[[ RECORDS TO PROCESS, beginning ]]

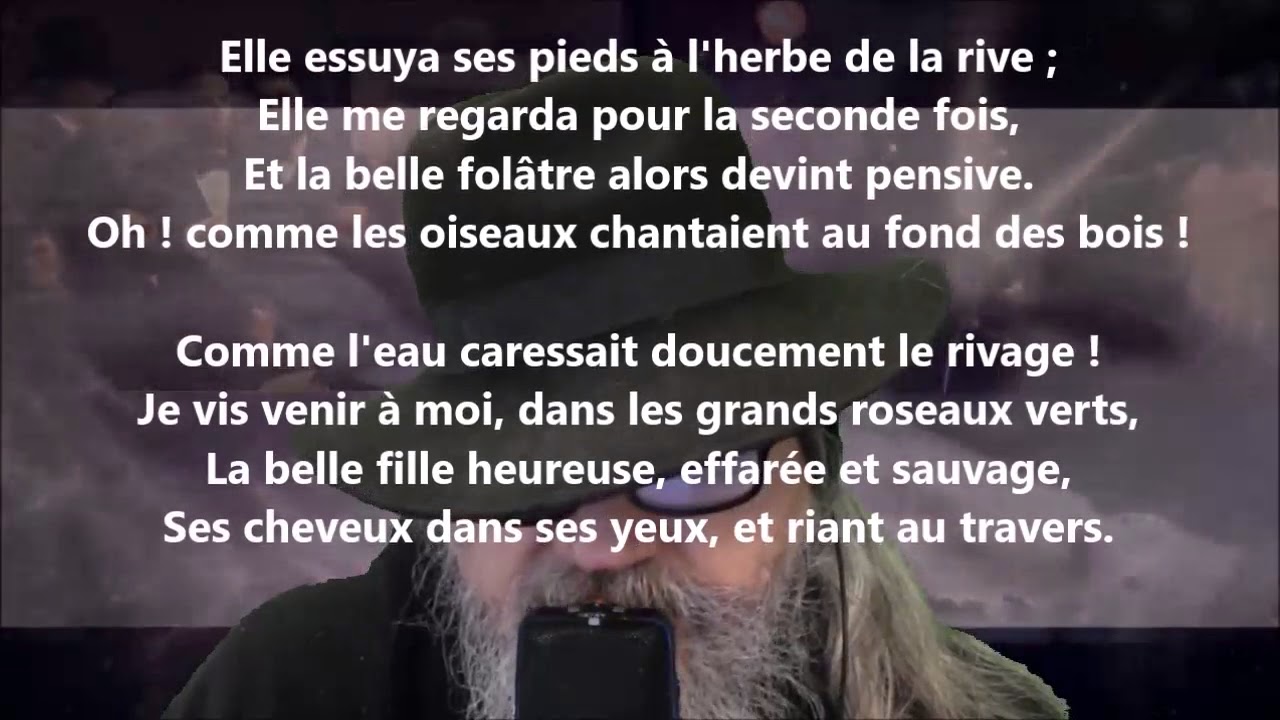 Elle était déchaussée, elle était décoiffée - Victor Hugo lu par Yvon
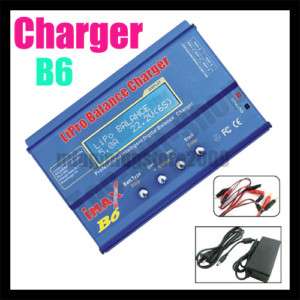 Lipo Battery Charger Discharger iMAX B6 & 12V 5A AC #67  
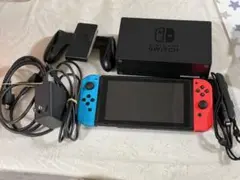 NINTENDO SWITCH 一式(箱あり)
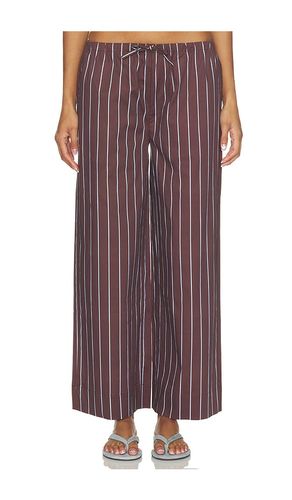 PANTALON NOUÉ À LA TAILLE TIE WAIST PANT en . Taille S. Also en XS, M, L - WeWoreWhat - Modalova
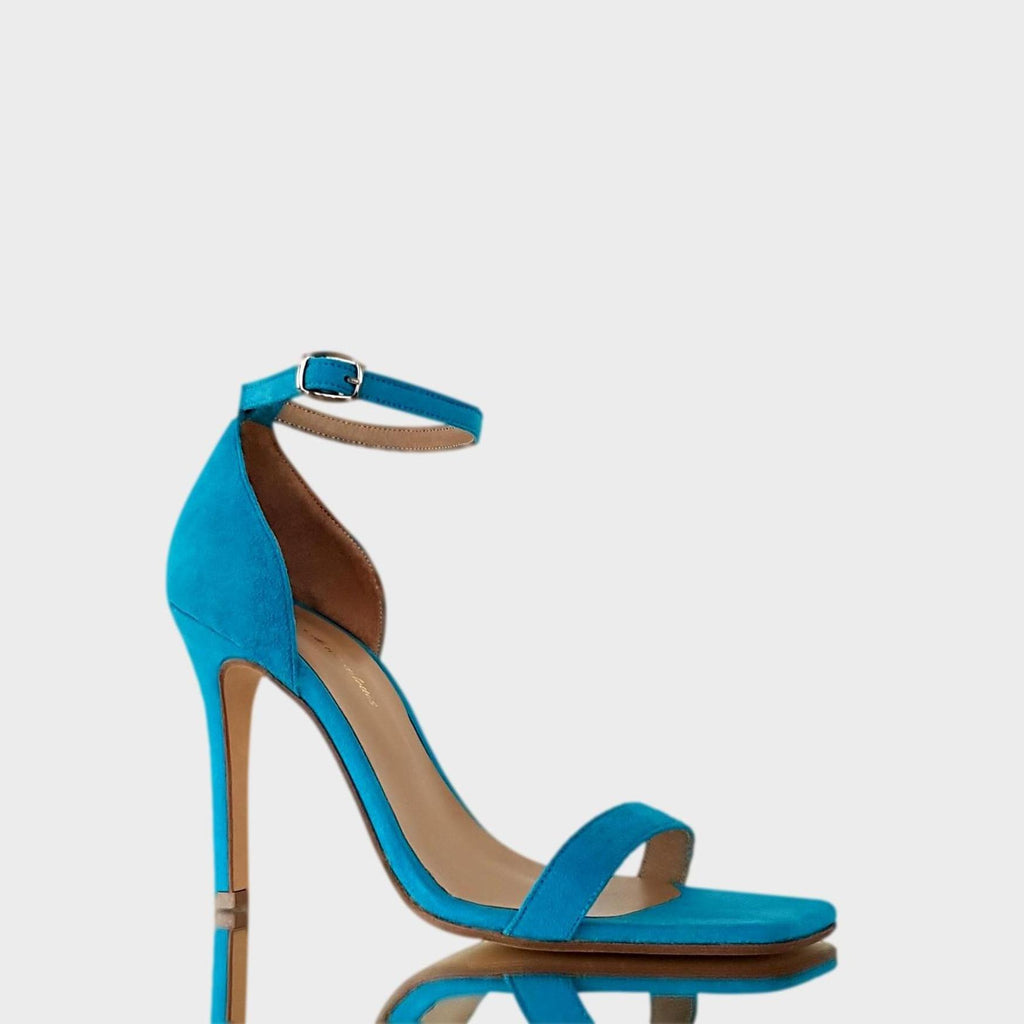 Sandalias turquesa online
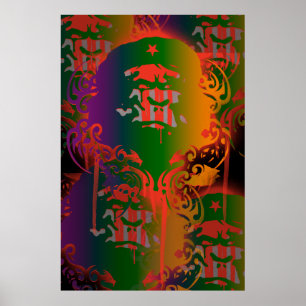 Póster Che Gorilla Poster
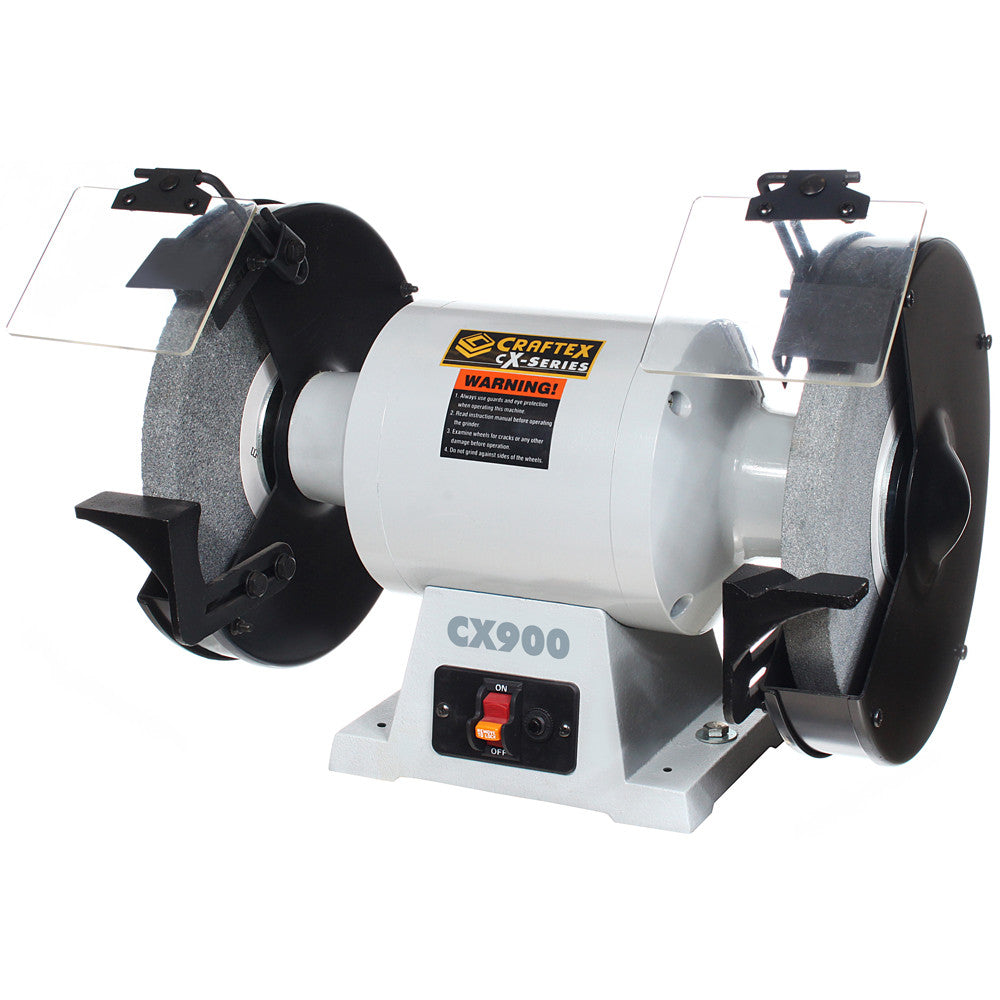 10" HEAVY DUTY BENCH GRINDER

[[ RECORDS TO PROCESS, end ]]

#### [PROBLEM]
Your answer must be the lines from the one holding "PANTALON NOUÉ À" through the final line of the records above, exactly as written and without any pictures.

#### [FINISHED TASK]
 PANTALON NOUÉ À LA TAILLE TIE WAIST PANT en . Taille S. Also en XS, M, L - WeWoreWhat - Modalova
 Sandalias turquesa online
 Póster Che Gorilla Poster
 10" HEAVY DUTY BENCH GRINDER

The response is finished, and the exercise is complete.